Arsenal's Leah Williamson receives treatment for an injury. Credit: PA

The FA has also instigated an innovative data-sharing scheme between them and the top clubs in an effort to solve the mystery of why women are more vulnerable, and what conditions lead to this specific injury.

Baroness Sue Campbell , director of women's football at the FA, said: ''I had some time with Beth and Leah, and you know, it almost brings you to tears because their pain is so obvious.

"They are two wonderful players, very committed to their clubs but also very committed to England, who had a wonderful Euros. To see the pain and anguish that they are so suffering is horrible.

''The clubs are still evolving, the professional clubs, [they] were playing in virtually amateur football two years ago and now they are playing professional football.

"And although we've got a lot of great experts in football in terms of physical preparation and [in the] medical case... quite a lot of them don't have experience in the women's game.''

Northern Ireland international Simone Magill’s long journey back to fitness ended only recently - 10 months after the devastating injury that every elite athlete fears.

“It kind of makes the long, tough process of rehab worth it when you actually step back out in the grass again,” she said, after running out for Aston Villa in the Women’s Super League.

Magill tore her anterior cruciate ligament while playing in the Euro’s last summer.

“You hear a pop or feel something, I just felt the tendon almost tear away,” she said.

"And I just knew exactly what it was in that moment, this is my ACL for sure."

Northern Ireland International Simone Magill’s long journey back to fitness ended only recently. Credit: PA

In part, Magill blames the support women footballers get off the pitch.

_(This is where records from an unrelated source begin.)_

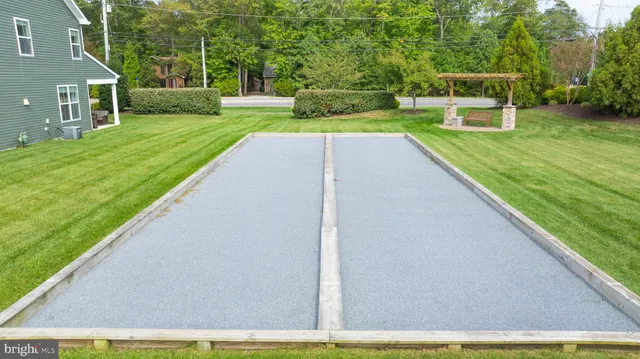 a bed room with furniture and wooden floor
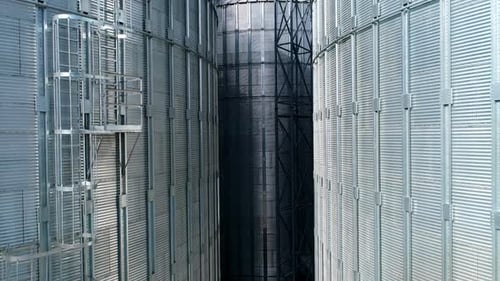 Large metal silo for storing grain. Modern industrial plant. Granary.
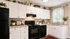 Charming modern kitchen with sleek black appliances, elegant white cabinetry, and granite countertops, illuminated by natural light through a large window.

“We’re trying to mimic all of the demands of the man's game but we're not getting the same level of resources that they're getting," she said.

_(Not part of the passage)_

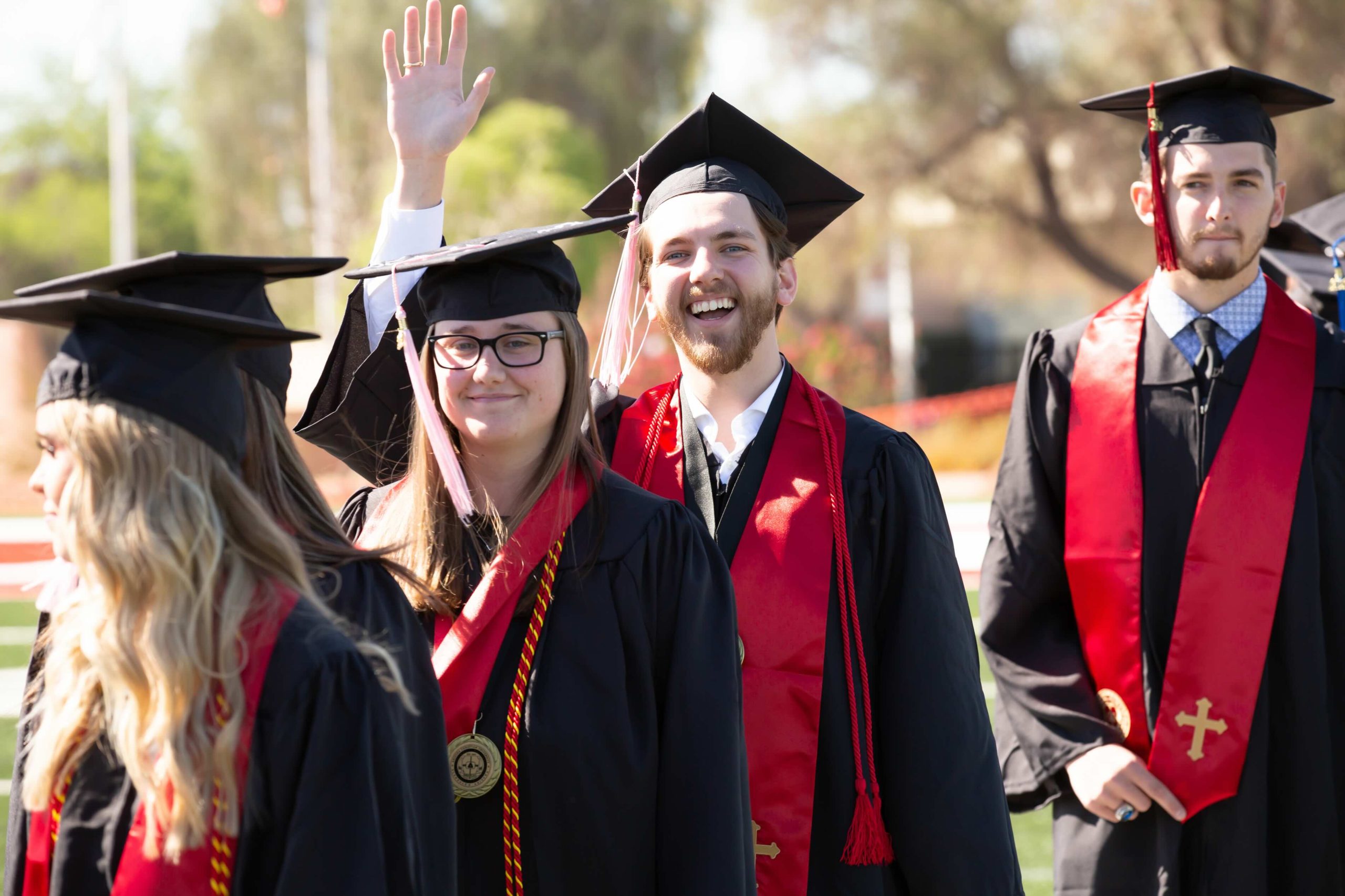 Group of graduates in black gowns and mortarboards at an outdoor ceremony, one waving and smiling at the camera.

“That's what we need to start looking at, especially this year, we can't just keep accepting that ‘oh, there's another knee injury', because it's certainly not okay.

“You want to be able to blame it on one thing - it's the pitches, or it's the boots or, you know, if females are on their menstrual cycle.

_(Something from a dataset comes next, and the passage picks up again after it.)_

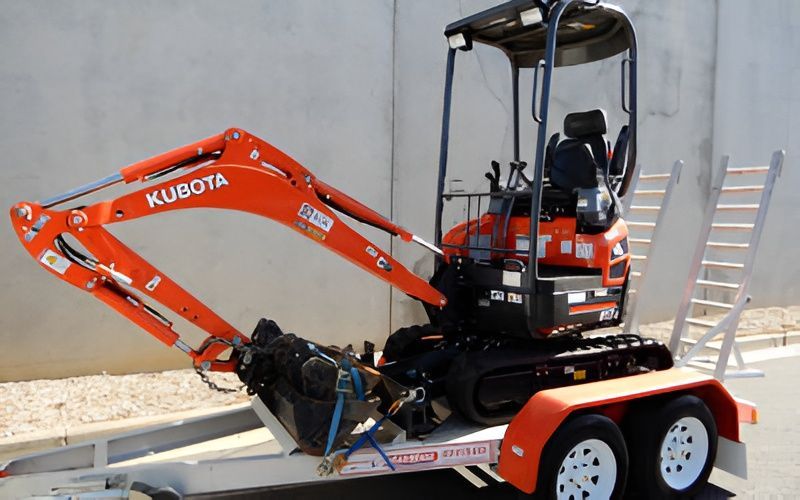 Orange Kubota Excavator on a Trailer, Ready for Transport — Allquip Rentals Pty Ltd in Cooroy, QLD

"But I just think it's loads of different things that need to all be looked at individually and then we can figure out what's the best way to prepare the female athlete. What is the best way moving forward?

"What does it look like to be a female footballer, instead of just mimicking what the men say... because we're very, very different.”

It’s doubtful England's most prolific striker Beth Mead will be fit enough in time to take part in the World Cup. Credit: PA

Knee surgeon Andy Williams has operated on hundreds of sports stars including Virgil Van Dijk, John Terry, Andrew Flintoff, and England’s Euros match-winner Chloe Kelly, among others.

He believes a combination of many factors - from women’s physiology, their menstrual cycle, the pitches they train on to an unrelenting fixture list - may contribute to their vulnerability.

More research, he says, would help protect women footballers because it would identify tell-tale trends.

“Traditionally, female athletes were chosen quite late in their development physically, and it was just good enough to be skillful to get selected," he said.

“There's no doubt if you play when you're tired and fatigued, the door is more open for a new injury. And the intensity they play at is increasing, it really is a very high level.”

Some researchers also believe there is one key factor that puts women at risk.

Katrine Okholm Kryger is a senior lecturer at St Mary’s University in Twickenham and a specialist in football medicine.

"We don't have football boots for women on the market at the moment, not from major manufacturers at least," she said.

"They need to measure and design football boots women, not just marketing but actually doing the measurements before.

"So that the boots actually are designed for women, not just look like they're designed for women.

"Women are lighter and do not generate the same speed as men, so they need a different design."